Dilma concorda com críticas de ONGs e da oposição a Venezuela e Síria

Candidata não detalhou quais seriam as posições com as quais concorda, afirmou, porém, que estar no governo exige "extremo cuidado"

iG Minas Gerais | DA REDAÇÃO |

Faltando dois dias para abertura do Mundial, presidente Dilma afirma que país está preparado
Igor Raskoff/Divulgação
Faltando dois dias para abertura do Mundial, presidente Dilma afirma que país está preparado

A presidente Dilma Rousseff disse compartilhar algumas posições críticas de ONGs ligadas a direitos humanos e "mesmo da nossa oposição" no que diz respeito à atuação dos governos da Venezuela e da Síria.

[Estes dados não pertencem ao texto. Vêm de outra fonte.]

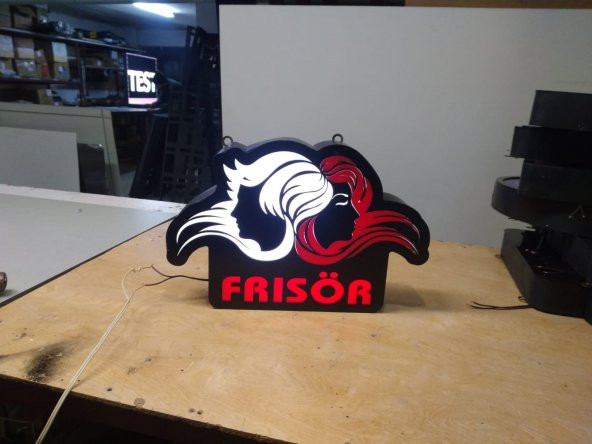 Frisör Yazılı İhracat Tabelası 3D LED Tabela Neon Etkili Işıklı Kutu Harf Tabela 30x45cm Pleksiglass ürün görseli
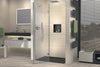 Niche shower with hinged door on fixed panel NT403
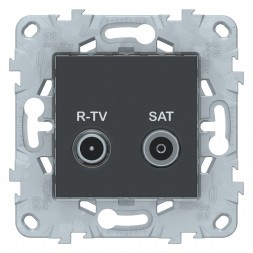 Розетка R-TV/ SAT Schneider Electric Unica Studio Антрацит оконечная NU545554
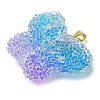 Transparent Resin Dotted Rhinetone Pendants RESI-N040-02G-02-RS-2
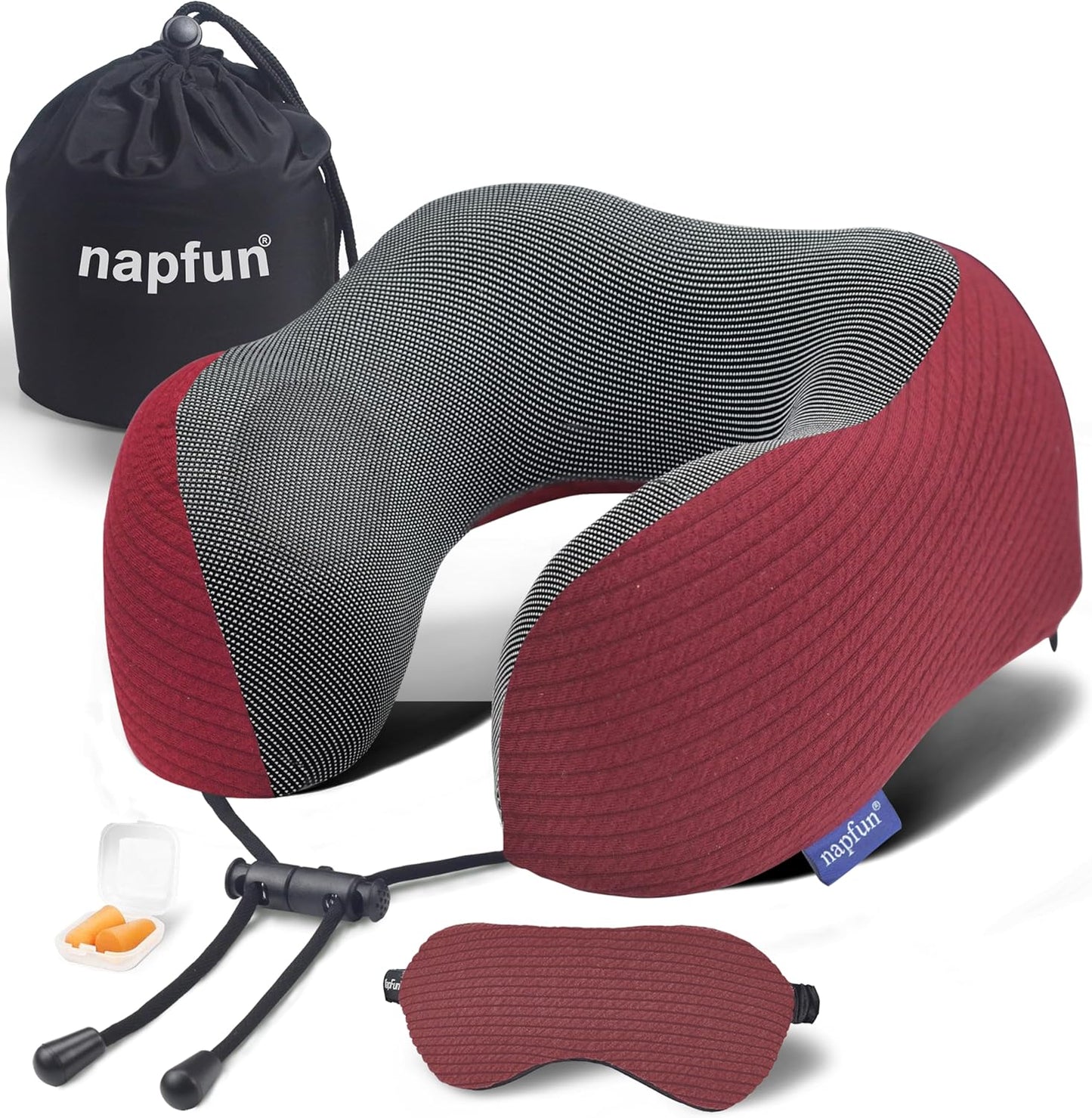 napfun Neck Pillow for Traveling, Upgraded Travel Neck Pillow for Airplane 100% Pure Memory Foam Travel Pillow for Flight Headrest Sleep, Portable Plane Accessories, Wine-Red Set, Medium (120-200LB)
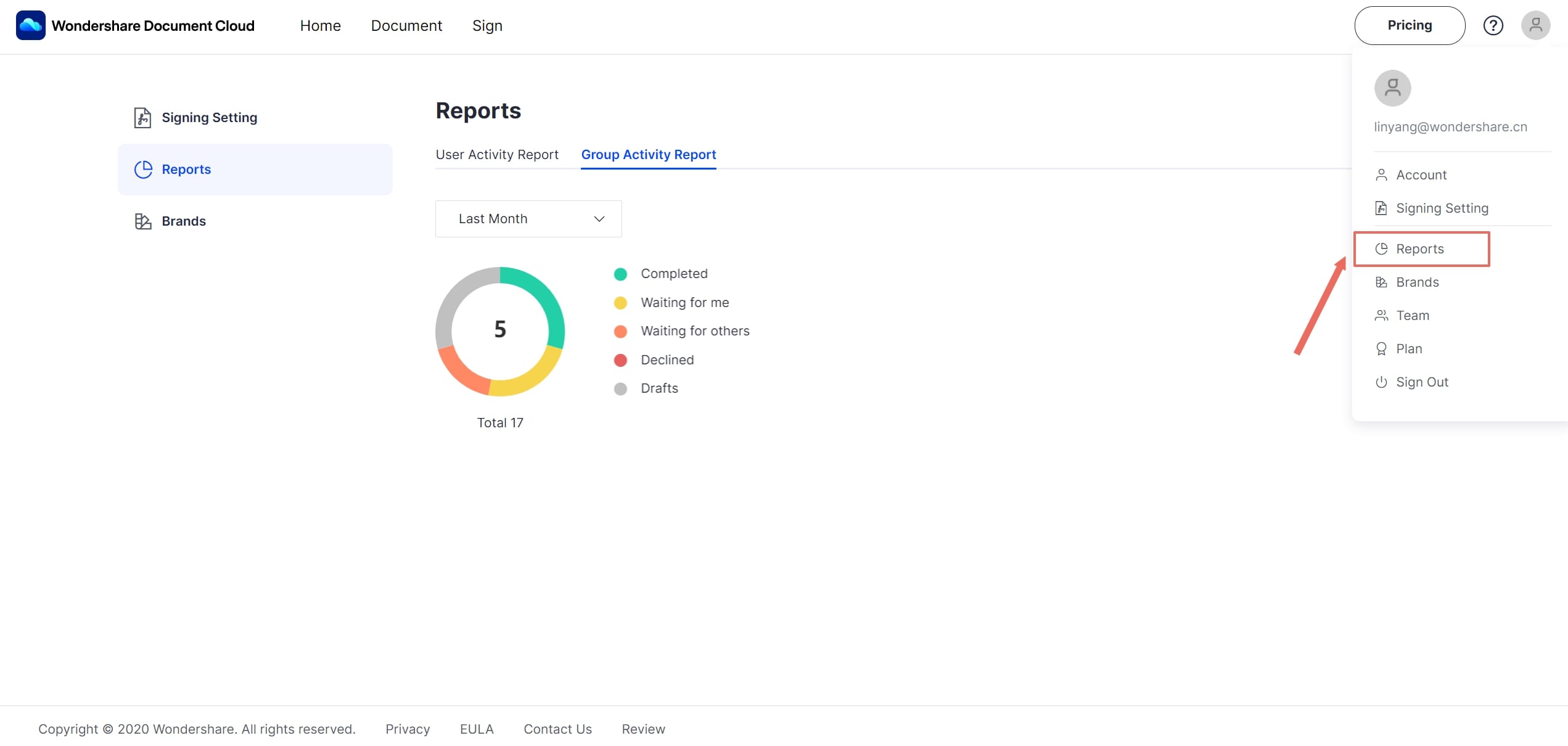 team reports page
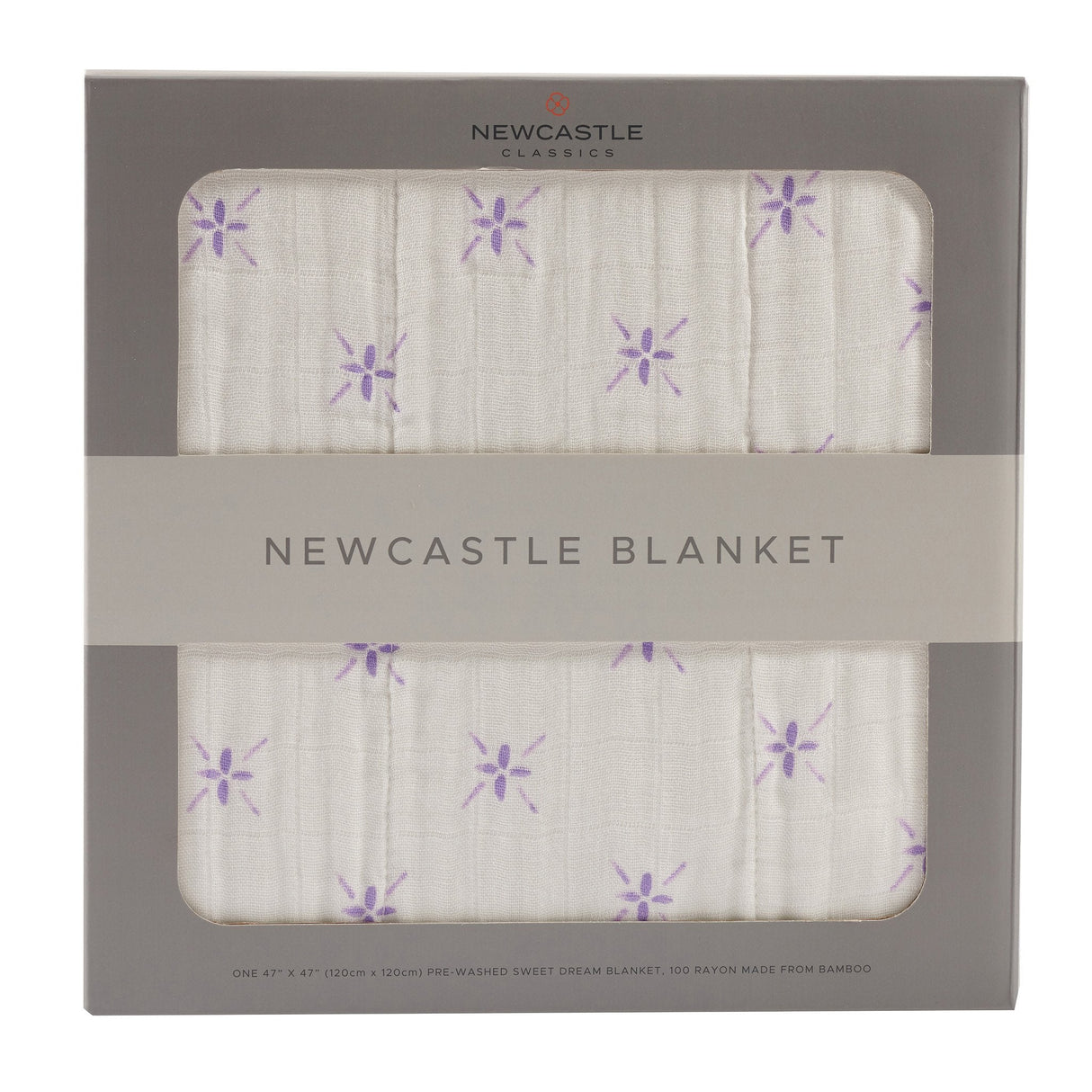 Lavender Flower and White Bamboo Muslin Newcastle Blanket - HoneyBug 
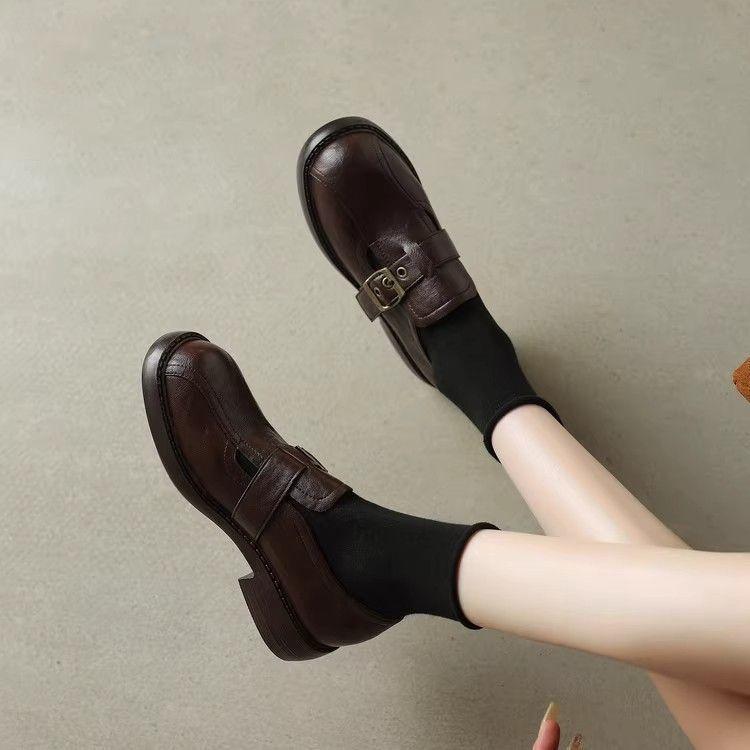 Retro Belt Buckle Round Head Small Leather Shoes Women's 2025 Spring and Autumn One-pedal Single Shoes British Loafers Black Dark Brown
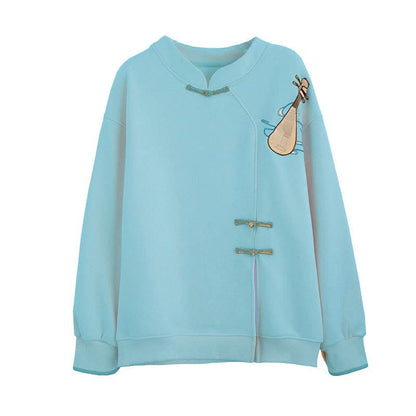 Vintage Lute Embroidery Buckle Split Plush Sweatshirt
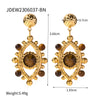 Basic Retro Devil's Eye Stainless Steel Plating Inlay Artificial Gemstones 18k Gold Plated Rings Earrings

Dilma, que não detalhou quais seriam as posições com as quais concorda, afirmou, porém, que estar no governo exige "extremo cuidado". Disse que é seu dever privilegiar "relações de longo prazo", e não "sanções e condenações retóricas pela imprensa" que "somente afastam o interlocutor e pioram a situação" e podem servir a interesses outros que não a defesa dos direitos humanos.

"Compreendo as posições das entidades de direitos humanos, e mesmo de nossa oposição. Compartilho, pessoalmente, algumas delas", disse a petista.

A declaração faz parte de uma entrevista concedida pela presidente à revista especializada "Política Externa", publicada nesta sexta-feira (19) no site da publicação. Dilma respondia crítica de ONGs de direitos humanos de que o governo age "com frequência de maneira dúbia ou fraca em situações como as crises da Síria e da Venezuela".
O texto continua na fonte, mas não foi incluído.